**Captioned web image data**
BEGIN

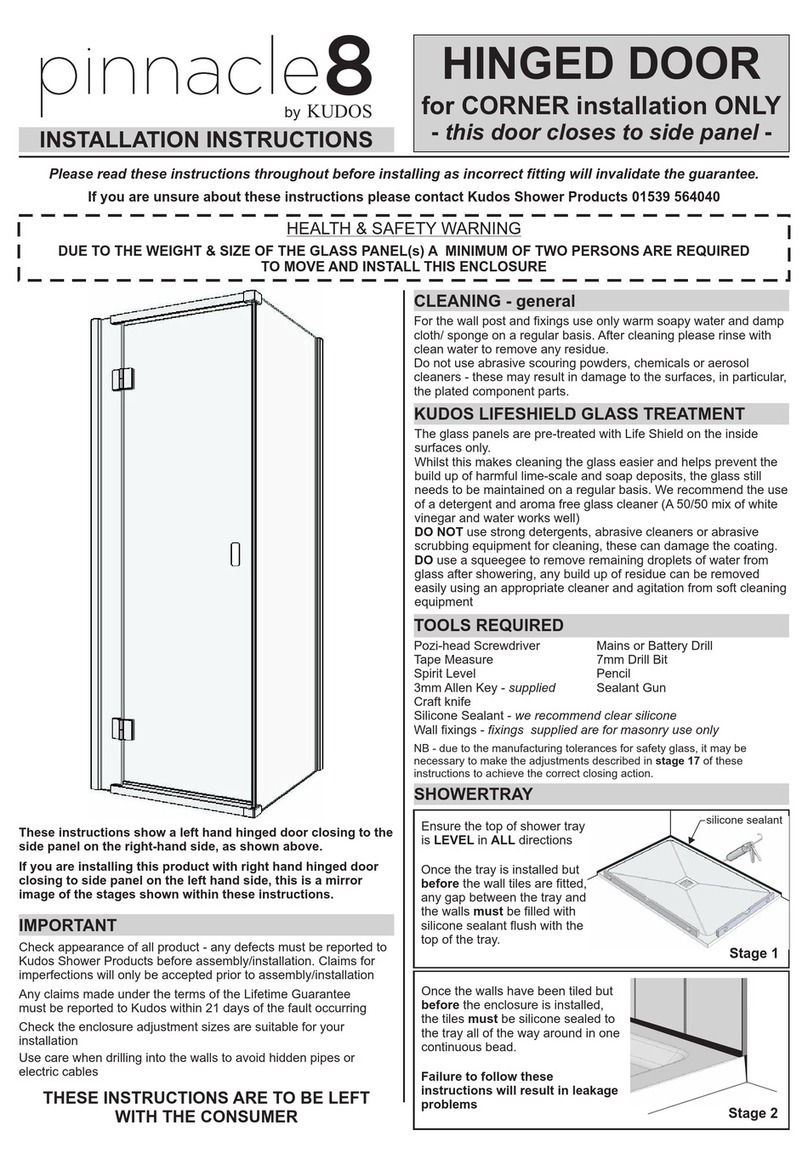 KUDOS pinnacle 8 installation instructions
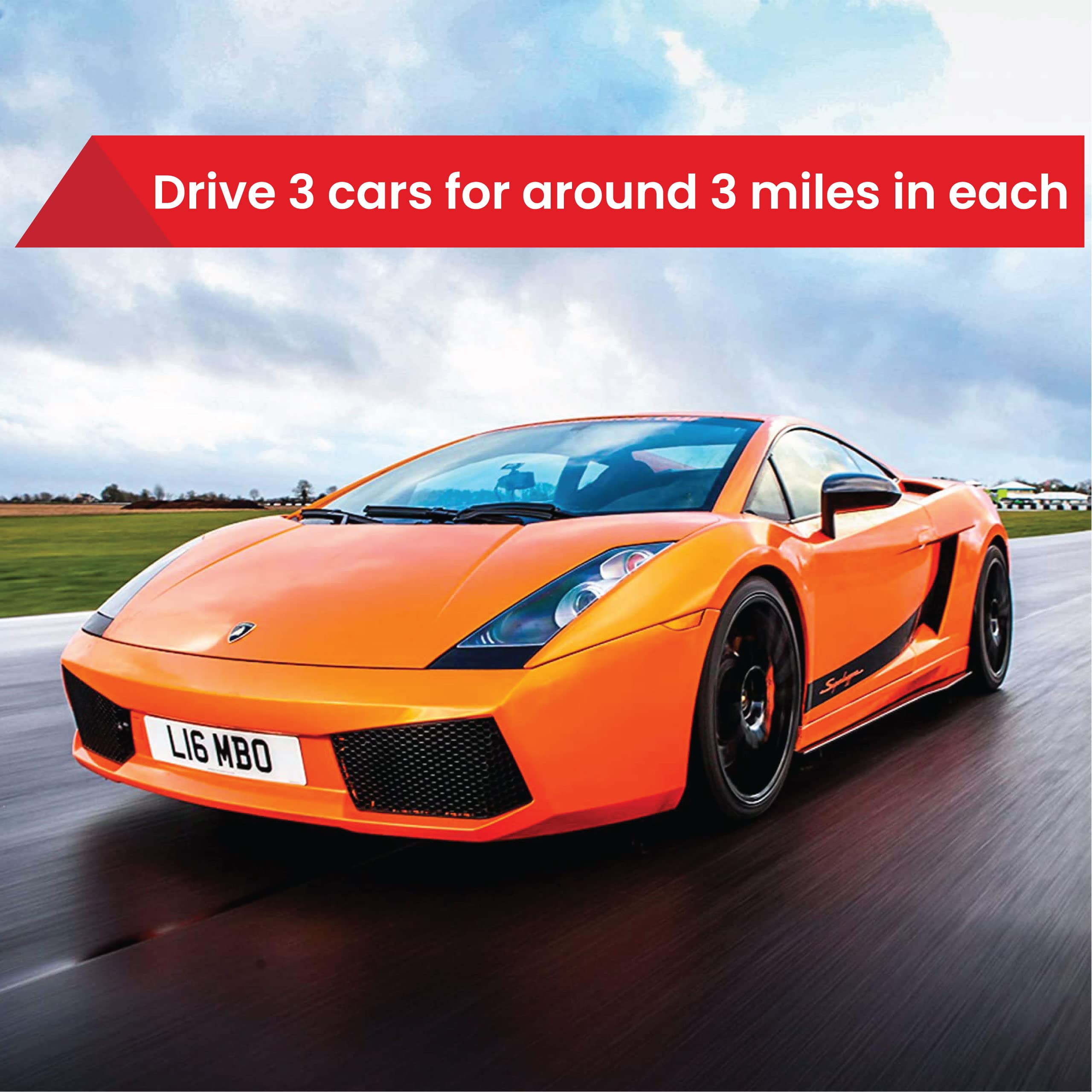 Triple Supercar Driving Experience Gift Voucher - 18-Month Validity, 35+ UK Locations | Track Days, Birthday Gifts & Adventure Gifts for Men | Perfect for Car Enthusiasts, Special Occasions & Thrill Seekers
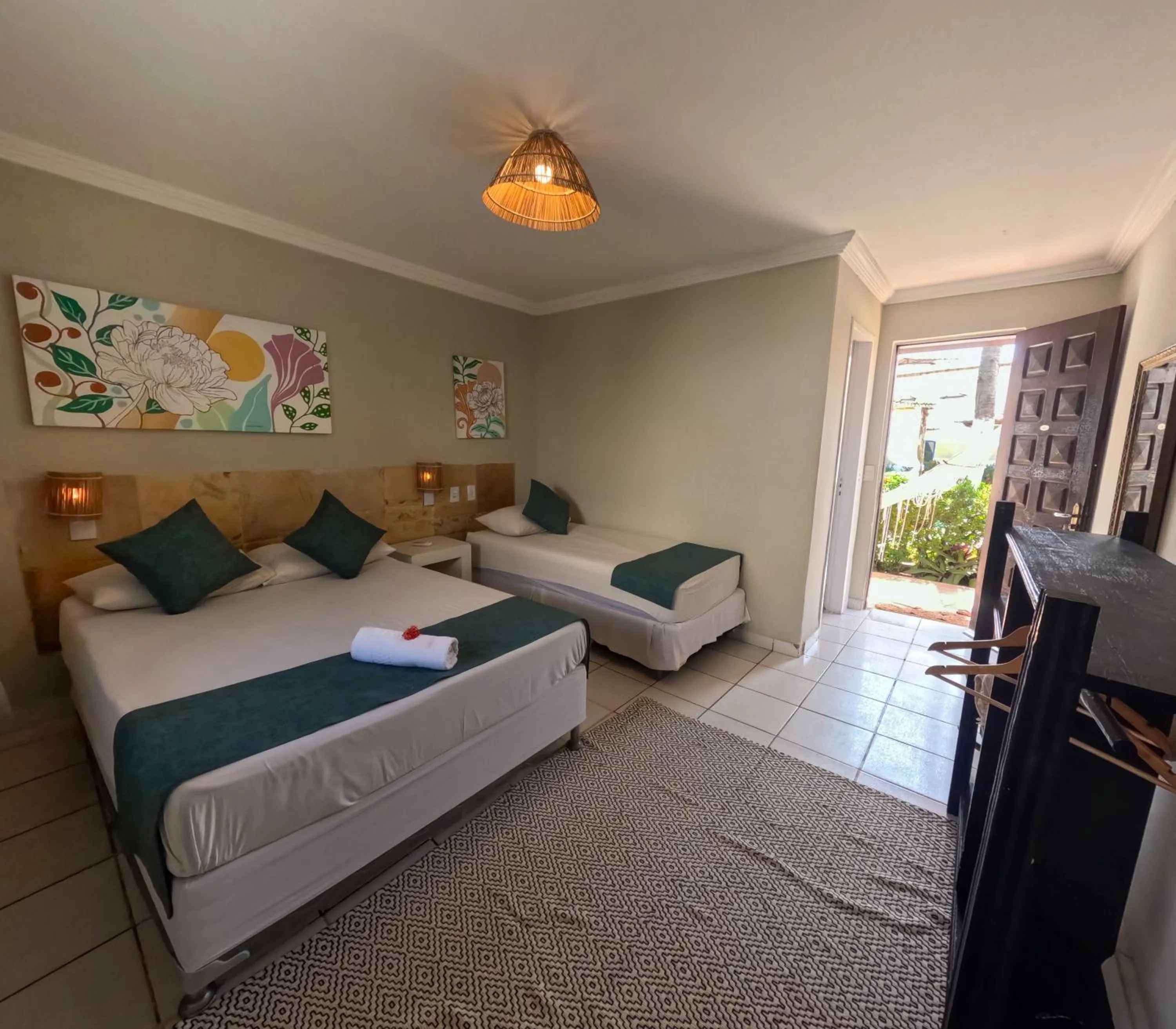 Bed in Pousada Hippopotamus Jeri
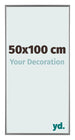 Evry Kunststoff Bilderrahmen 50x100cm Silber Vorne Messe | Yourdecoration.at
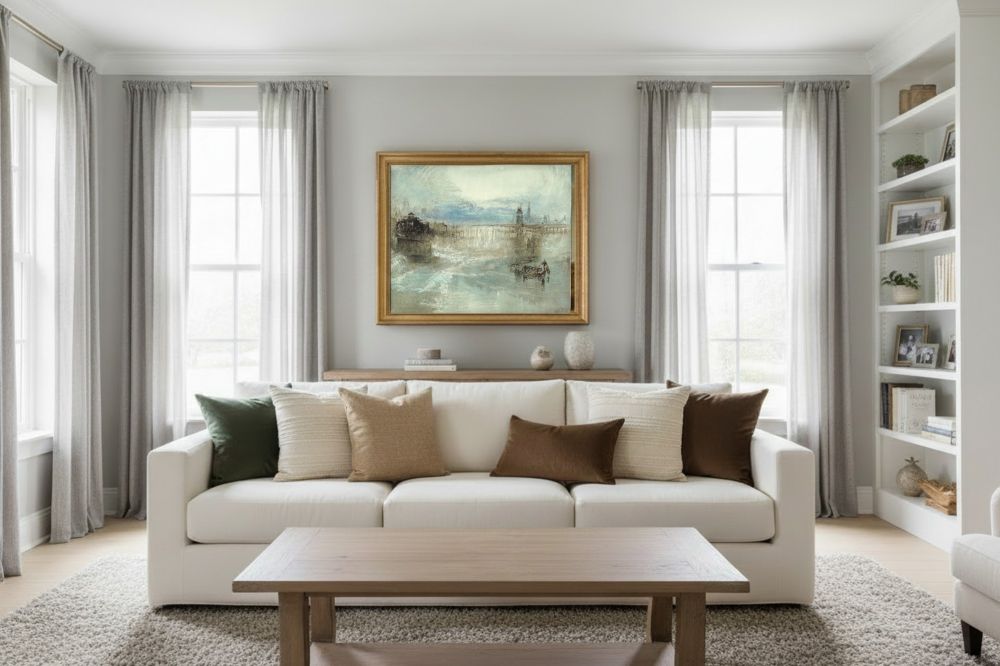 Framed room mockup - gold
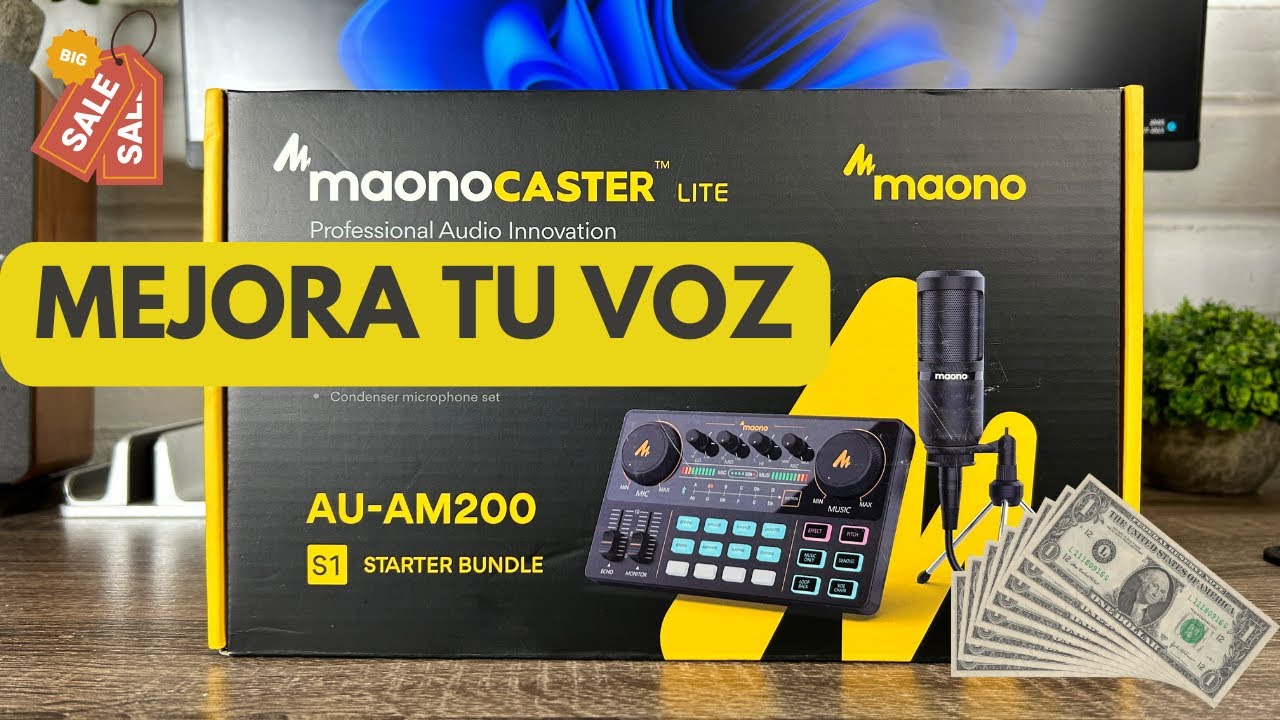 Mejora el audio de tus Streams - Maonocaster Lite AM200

END

**WHAT IS BEING ASKED**
Leaving out every picture, repeat exactly the lines of the records from the start through the line that has "Bed in Pousada Hippopotamus Jeri".

**RESULT**
 KUDOS pinnacle 8 installation instructions
 Triple Supercar Driving Experience Gift Voucher - 18-Month Validity, 35+ UK Locations | Track Days, Birthday Gifts & Adventure Gifts for Men | Perfect for Car Enthusiasts, Special Occasions & Thrill Seekers
 Bed in Pousada Hippopotamus Jeri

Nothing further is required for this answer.